CHARLOTTE, North Carolina — Josh Noman has some advice for Carson Palmer if he sees Carolina Panthers defensive tackle Kawann "KK" Short heading his way on Sunday in the NFC championship game.
"Run," the Panthers All-Pro cornerback said with a hearty laugh. "Run, run as fast as you can, I'm the Gingerbread Man."
Norman has seen Short blossom into a dominant inside pass rusher in just his third season with the Panthers, recording 11 sacks — a franchise record for a defensive tackle — along with 32 quarterback pressures.
The 6-foot-3, 315-pound Short carried that momentum over to the playoffs last week, pressuring Seattle's Russell Wilson into throwing a first quarter interception that was returned for a touchdown by Luke Kuechly, giving Carolina an early 14-0 lead and setting the tone for the game.

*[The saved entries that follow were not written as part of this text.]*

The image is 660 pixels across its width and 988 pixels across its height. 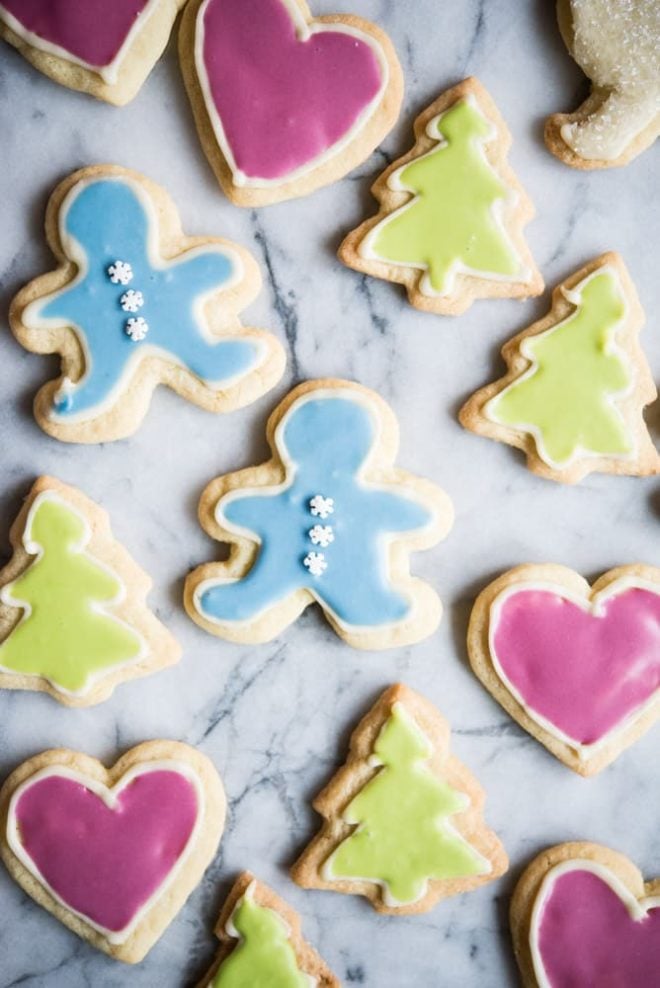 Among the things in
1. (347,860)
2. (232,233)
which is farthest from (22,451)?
(347,860)

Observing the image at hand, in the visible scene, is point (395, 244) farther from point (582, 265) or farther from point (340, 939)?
point (340, 939)

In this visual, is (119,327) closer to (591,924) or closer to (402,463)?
Result: (402,463)

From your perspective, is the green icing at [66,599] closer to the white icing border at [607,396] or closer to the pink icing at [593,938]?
the white icing border at [607,396]

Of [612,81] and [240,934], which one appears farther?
[240,934]

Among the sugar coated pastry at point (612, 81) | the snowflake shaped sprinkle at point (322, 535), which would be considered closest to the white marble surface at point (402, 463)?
the sugar coated pastry at point (612, 81)

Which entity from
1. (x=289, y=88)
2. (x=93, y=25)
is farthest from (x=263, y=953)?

He also had a sack on Wilson.
"That play was all KK," Kuechly said of the pick six. "When you look at the play if you really break it down it was him. He made a move on the guard and just like that he was on Russell. Really I was just kind of standing there and he tossed it right to me. I give KK all the credit because he deserved it all."

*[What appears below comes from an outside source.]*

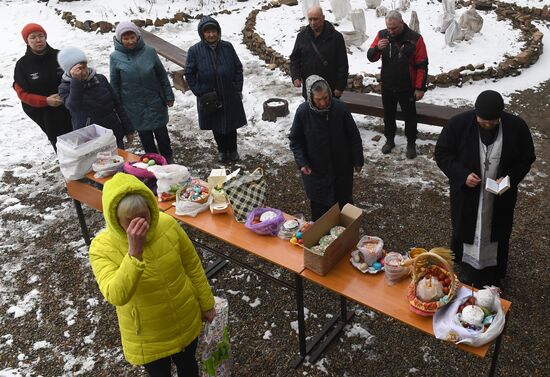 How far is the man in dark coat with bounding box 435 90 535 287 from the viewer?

When general manager Dave Gettleman arrived in Carolina in 2013, he spent his first two draft picks on "hog mollies" — selecting a pair of mammoth defensive tackles in space eater Star Lotulelei in the first round, followed by the pass-rushing specialist Short in the second.

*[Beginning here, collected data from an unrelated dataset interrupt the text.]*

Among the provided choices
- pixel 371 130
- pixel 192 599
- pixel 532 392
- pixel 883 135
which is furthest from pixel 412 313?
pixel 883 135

They have become fixtures on a defense that has ranked in the top 10 in each of the past three seasons and forced a league-high 39 turnovers in the regular season.
"He and Star form a really good tandem inside," Panthers coach Ron Rivera said. "Star seems to do a lot of the dirty work, a lot of the physical work, and KK is explosive and a pass rusher."
Cardinals coach Bruce Arians said Lotulelei and Short are the best pair of defensive tackles Arizona has seen all season.
"The linebackers are great," Arians said, "but they (the tackles) help make them great."
Short became the first Carolina player to win NFC Defensive Player of the Month twice in the same season and was named second-team All-Pro.
"I have been paying attention to details, studying the game," Short said. "I took all of these pieces of advice from other people, put them in the bucket, and now I'm using it."
Short's quickness is his forte.
He plays the three technique on defense, the same position Warren Sapp played for the Tampa Bay Buccaneers. Like Sapp, Short has a quick burst off the line which allows him to get by slower offensive linemen, particularly when not double-teamed.
"That's the most important thing for a 3-tech, that first step," Short said. "You have to get off fast."
Norman said he didn't realize how athletic Short was until they participated in a pickup basketball game. When he saw the big man make a spin move and drive to the basket and dunk the ball he was utterly amazed.
"I've tried to guard him and he gets the best of me," Norman said. "... So now, every time I play with him I pick him on my team. He's my No. 1 draft pick."
Norman said given that quickness it's easy to see why Short has excelled on the football field.
"His focus, his work ethic and his massive size — can't nobody block him," Norman said. "It's like playing a linebacker on the defensive line, except that he's 320 pounds. It's crazy."
Said Kuechly: "He's really grown. But if you look back at his rookie season, he had all the capabilities and all the skills. I think now he's got a couple more that he's learned from (coaches) — those moves and techniques and effort and stuff like that — has really allowed him to take the next step forward."
AP Sports Writer Bob Baum in Tempe, Arizona contributed to this report.